Indeed, James will accompany West to Belgium in spite of final examinations starting three days after the trials.

"The training we've done has made us pretty fit but, going into these trials, I have to admit I'm mentally exhausted. Winning helps some but I'm still pretty drained," said James.

He spoke last December of his 'resentment and frustration' at the loss of grant money and university sources say there is a fear that Britain's demands will dissuade future generations of Brits from committing to the Boat Race.

James lost his three previous Boat Races, missing out on the one Cambridge success in five years in 2004. So the pressure on him as president was greater than most, not least because, as the heavier crew, Cambridge were odds-on favourites with the bookmakers.

Yet Oxford, with only one oarsman returning from last year's successful eight, pushed them all the way and lost by little more than a length.
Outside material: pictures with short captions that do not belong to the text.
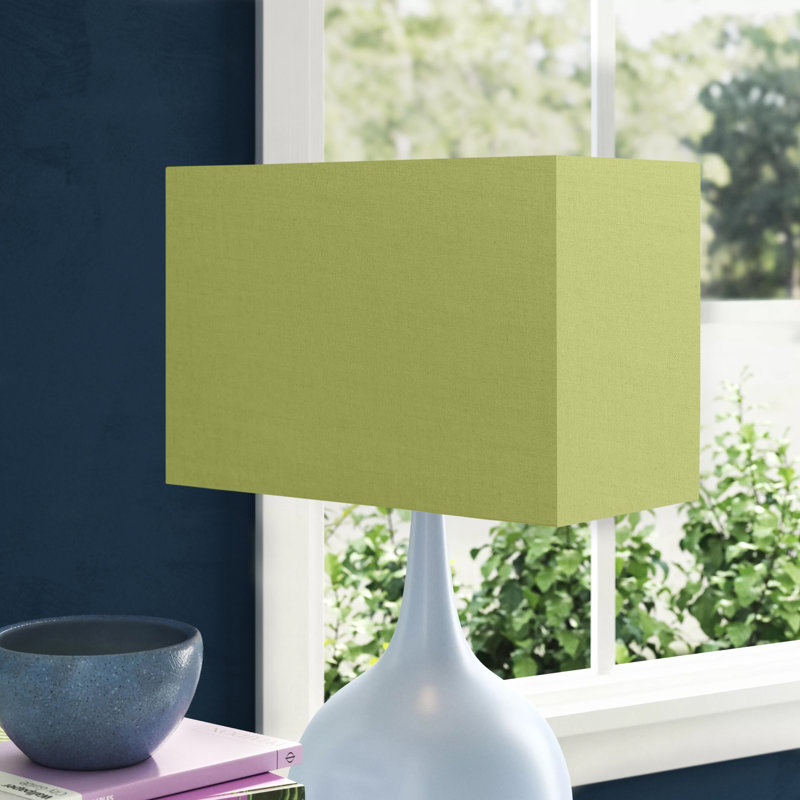 Rectangle Cotton Lamp Shade ( Screw On ), 24cm H x 35cm W x 18cm D, Sage Green
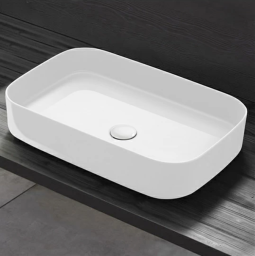 РАКОВИНА НАКЛАДНАЯ 60 СМ CIELO SHUI COMFORT, БЕЛЫЙ (SHCOLAR60-BIANCO)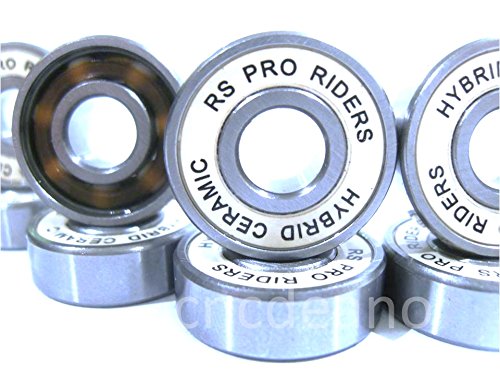 16 x en céramique 627 2Rs Abec 9 (7 x 22 x 7 mm) Inline Skate Roller Derby de hockey de roulement de roue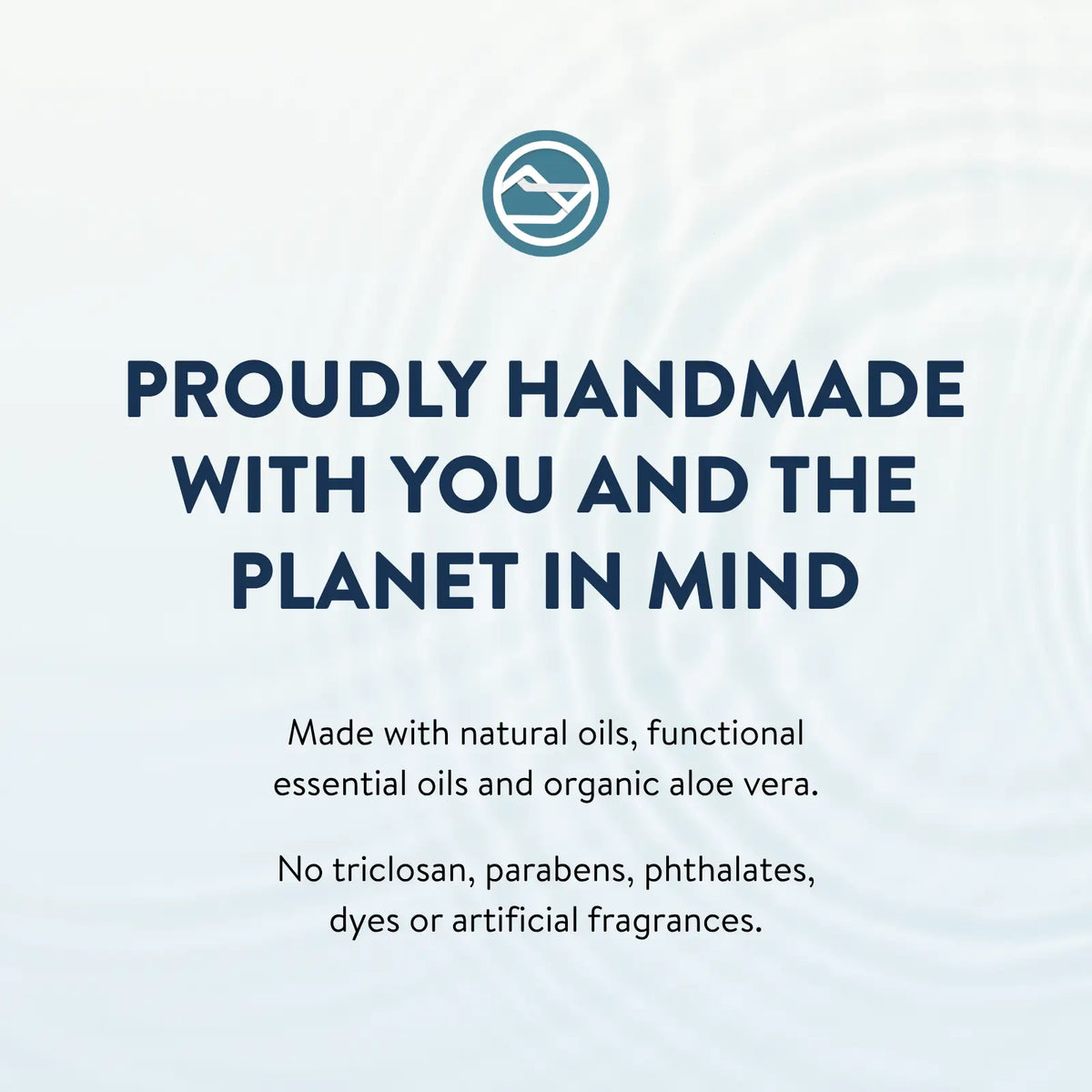 Made with natural oils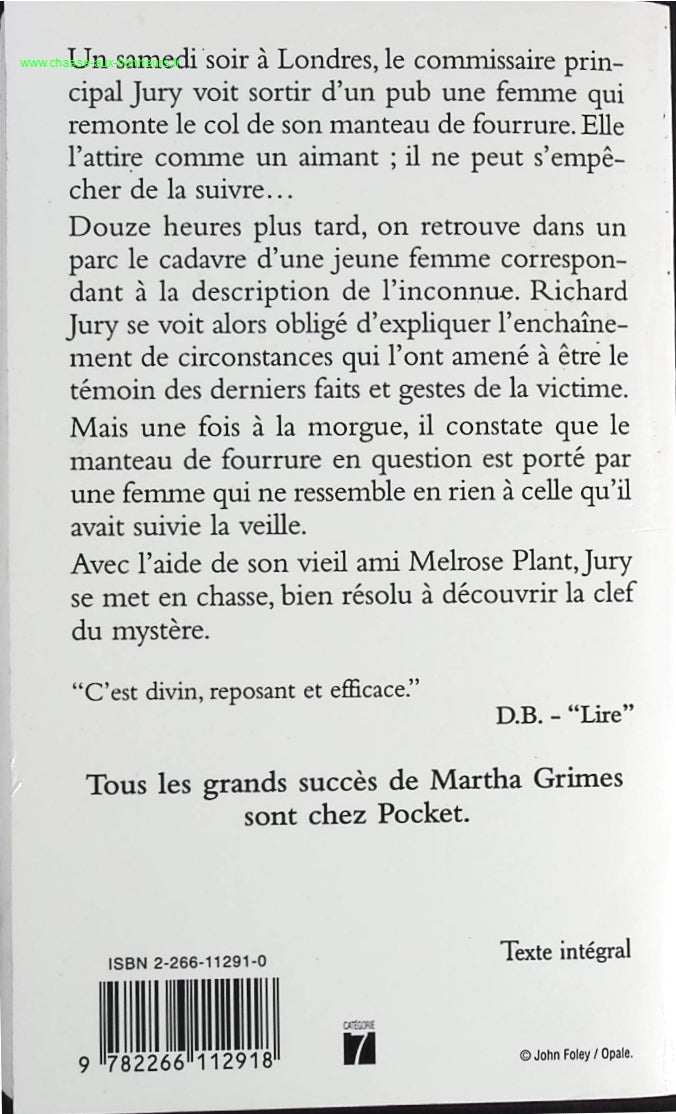 L'énigme Du Parc - Martha Grimes - livre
West admitted: "It was a hard way to do it because Oxford did exactly what they had to. They went out hard and pushed it all the way round the bend. We could feel them attacking all the time.

"We'd said we were going to stay in our bubble and ignore them and we did.' Cox Rebecca Dowbiggin, thrown into the hot seat just two weeks earlier, constantly instructed her crew not to panic.

"Trust in your training," bellowed the tiny figure at the back.

Coming under Hammersmith Bridge, Oxford made a final effort to break the Light Blues and Dowbiggin could be heard shouting.

"They're throwing the kitchen sink at it but we're going to resist."

West said that was the point Cambridge knew victory was there for the taking.

"We knew they couldn't keep pushing that hard," he said. "At the Eyot (where Oxford lost the bend advantage of the Surrey side), we could feel them getting tired. Now everything is focused on Beijing and a gold medal."